Monitoring and observation
Temporal emits metrics by default in a format that is supported by Prometheus. Monitoring and observing those metrics is optional. Any software that can pull metrics that supports the same format could be used, but we ensure it works with Prometheus and Grafana versions only.
- Prometheus >= v2.0
- Grafana >= v2.5
Visibility
Temporal has built-in Visibility features. To enhance this feature, Temporal supports an integration with Elasticsearch.
- Elasticsearch v7.10 is supported from Temporal version 1.7.0 onwards
- Elasticsearch v6.8 is supported in all Temporal versions
- Both versions are explicitly supported with AWS Elasticsearch
mTLS encryption
Temporal supports Mutual Transport Layer Security (mTLS) as a method of encrypting network traffic between services within a Temporal Cluster, or between application processes and a Cluster.
Mutual TLS can be enabled in Temporal’s TLS configuration.
This configuration can be passed through WithConfig
or WithConfigLoader
.
This configuration includes two sections that serve to separate intra-cluster and external traffic. That way, different certificates and settings can be used to encrypt each section of traffic:
internode
: configuration for encrypting communication between nodes within the Cluster.frontend
: configuration for encrypting the Frontend's public endpoints
Temporal Client connections
A client's network access can be limited by using certificates issued by a specific Certificate Authority (CA).
To restrict access to Temporal Cluster endpoints, use the clientCAFiles
or clientCAData
property and the requireClientAuth
property.
These properties can be specified in both the internode
and frontend
sections of the mTLS configuration.
Server name specification
Specify the serverName
in the client
section of your mTLS configuration to prevent spoofing and MITM attacks.
Entering a value for serverName
enables established connections to authenticate the endpoint.
This ensures that the server certificate presented to any connected client has the specified server name in its CN property.
This measure can be used for internode
and frontend
endpoints.
For more information on mTLS configuration, refer to our TLS configuration guide.
Auth
Authentication is the process of verifying users who want to access your application are actually the users you want accessing it.
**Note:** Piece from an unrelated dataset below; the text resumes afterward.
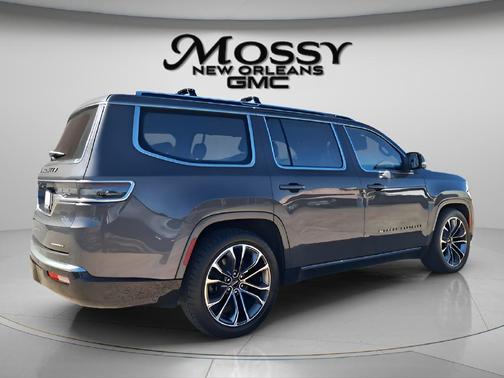 Gray 2022 Jeep Grand Wagoneer Series III 4x4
Authorization is the verification of applications and data that a user on your Cluster or application has access to.
Temporal has several authentication protocols that can be set to restrict access to your data. These protocols address three areas: servers, client connections, and users.
Server attacks can be prevented by specifying serverName
in the client
section of your mTLS configuration.
This can be done for both frontend
and internode
endpoints.
Client connections can be restricted to certain endpoints by requiring certificates from a specific CA.
Modify the clientCaFiles
, clientCaData
, and requireClientAuth
properties in the internode
and frontend
sections of the mTLS configuration.
User access can be restricted through extensibility points and plugins.
When implemented, the frontend
invokes the plugin before executing the requested operation.
Temporal offers two plugin interfaces for API call authentication and authorization.
The logic of both plugins can be customized to fit a variety of use cases. When provided, the frontend invokes the implementation of the plugins before running the requested operation.
Temporal Server
The Temporal Server consists of four independently scalable services:
- Frontend gateway: for rate limiting, routing, authorizing.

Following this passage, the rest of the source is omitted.